Beyond the rhetoric of greater mental health provision in schools for both pupils and staff, not enough has been done – and is being done – to support trainee teachers, writes Emma Hollis
It appears that everyone now understands that for teachers to best support children in their care, looking out for their own wellbeing is of the utmost importance. Yet much of the support in place is reactive, when in fact it must begin within Initial Teacher Training (ITT).
There is absolutely no doubt that ITT providers work hard to support the needs of all their trainees, including their mental health needs. However, difficulties around non-disclosure, variability in occupational health processes and lack of funding and capacity in schools mean that their efforts often do not receive the support needed from other stakeholders within the sector. Tackling this important issue must be a team effort, and yet so many members of that “team” are hampered by matters outside their control.
I first gave voice to the problem at a NASBTT members’ event 12 months ago (almost to the day). I was hearing first-hand about a new generation of troubled teachers who needed help. I investigated, and discovered that in some local authority areas, up to 78 per cent of child and adolescent mental health service referrals had been turned away during the period in which the previous year’s trainees were pupils. A clear correlation and worrying pattern was emerging.

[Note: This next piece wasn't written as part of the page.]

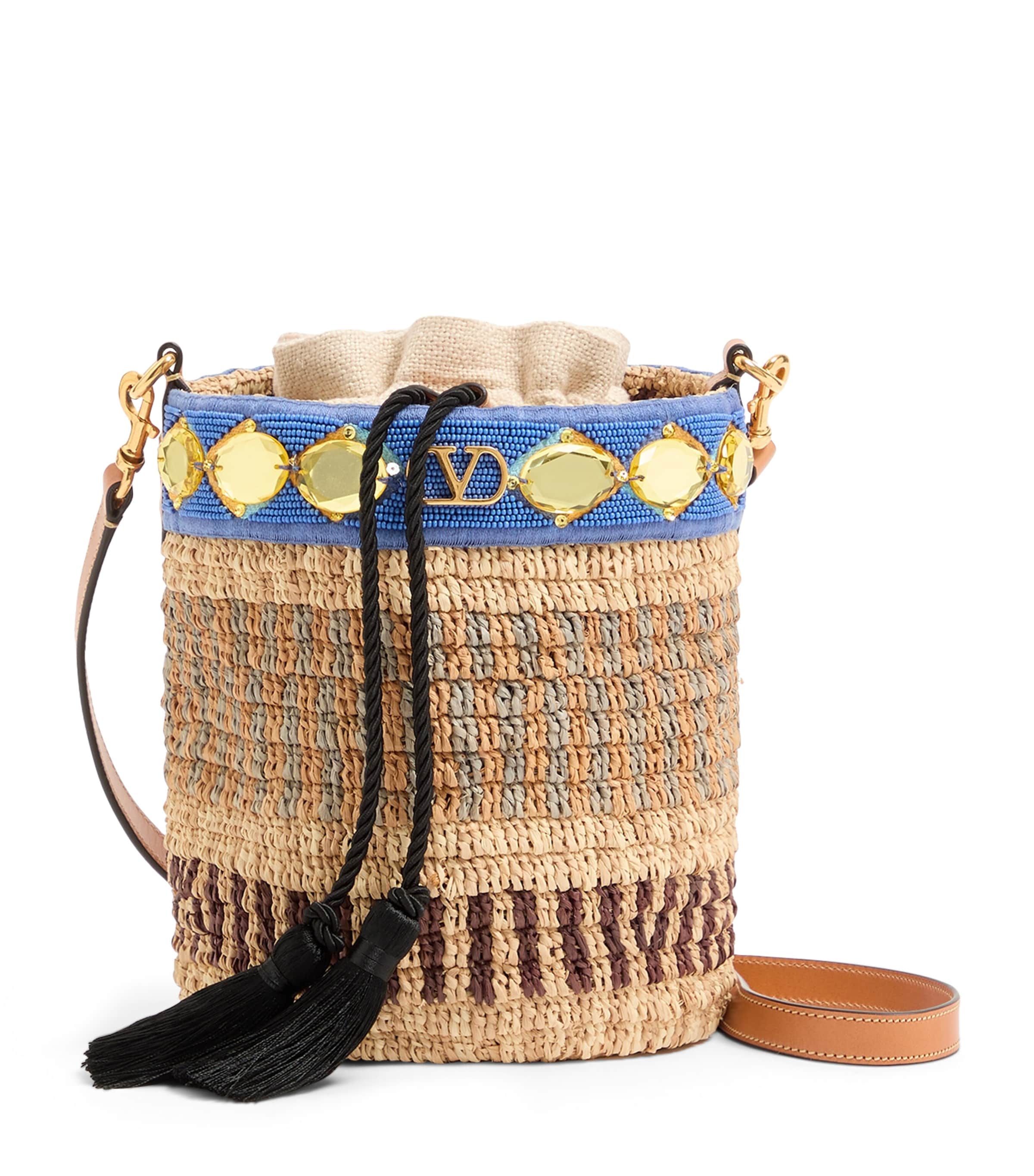 Valentino Garavani Small Raffia Embellished Bucket Bag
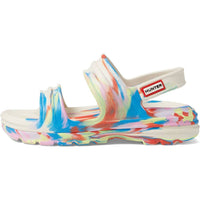 HUNTER Women's Bloom Algae Marble Adjustable Strap Sandals in shaded white - women's sandal - detail view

It should concern us all that we are increasingly seeing trainee teachers presenting with mental health issues. In practice, some of the adolescents who fell through the cracks at school are now coming back as adults into an environment where they were first exposed to these feelings of anxiety, low self-esteem and pressure.
Teacher training is very intense, and we have a worrying number of trainees going into schools and presenting quite severe mental health issues. These are people being asked to look after the mental health of the children in their care, yet the lack of mental health support available to them is alarming.
Mentoring will be crucial in delivering on the ECF’s promise
In the intervening 12 months, there has been some action. Last July, Education Support was prompted to open up their free telephone helpline to “anyone in training”. The driver was their study which revealed that newly qualified teachers (NQTs) and those working in education for less than five years are 29 per cent more likely to experience a mental health problem compared to their colleagues.
Their work on building the resilience of those entering the profession, when so many are considering leaving it altogether, is vital to the education system as a whole and to schools in challenging circumstances particularly. Supporting those efforts is why I have subsequently joined the organisation as a trustee.
We also have an opportunity with the Early Career Framework, which has positively acknowledged the emotional demands of the role and the importance of increased support for teachers within the first two years of their career. Mentors, and a focus on quality mentor training, will be crucial in delivering on that promise.
Every time we expect or allow a teacher to support a student with their mental health without the required knowledge and training to do so, we take a risk with the wellbeing of teacher and student alike. To prevent this, NASBTT are working with the Royal Foundation charity to provide advice and guidance for all trainee teachers on supporting the mental health and wellbeing of children. That work has captured the attention of HRH the Duchess of Cambridge and her charity’s staff.
The stark reality, however, is that we are far from getting this right. Research published by University College London last month found that one in 20 teachers is suffering from long-lasting mental health problems.
It is right that every effort be made to support them to recover their quality of life, but until our support is proactive rather than reactive, we will continue to do the profession an injustice.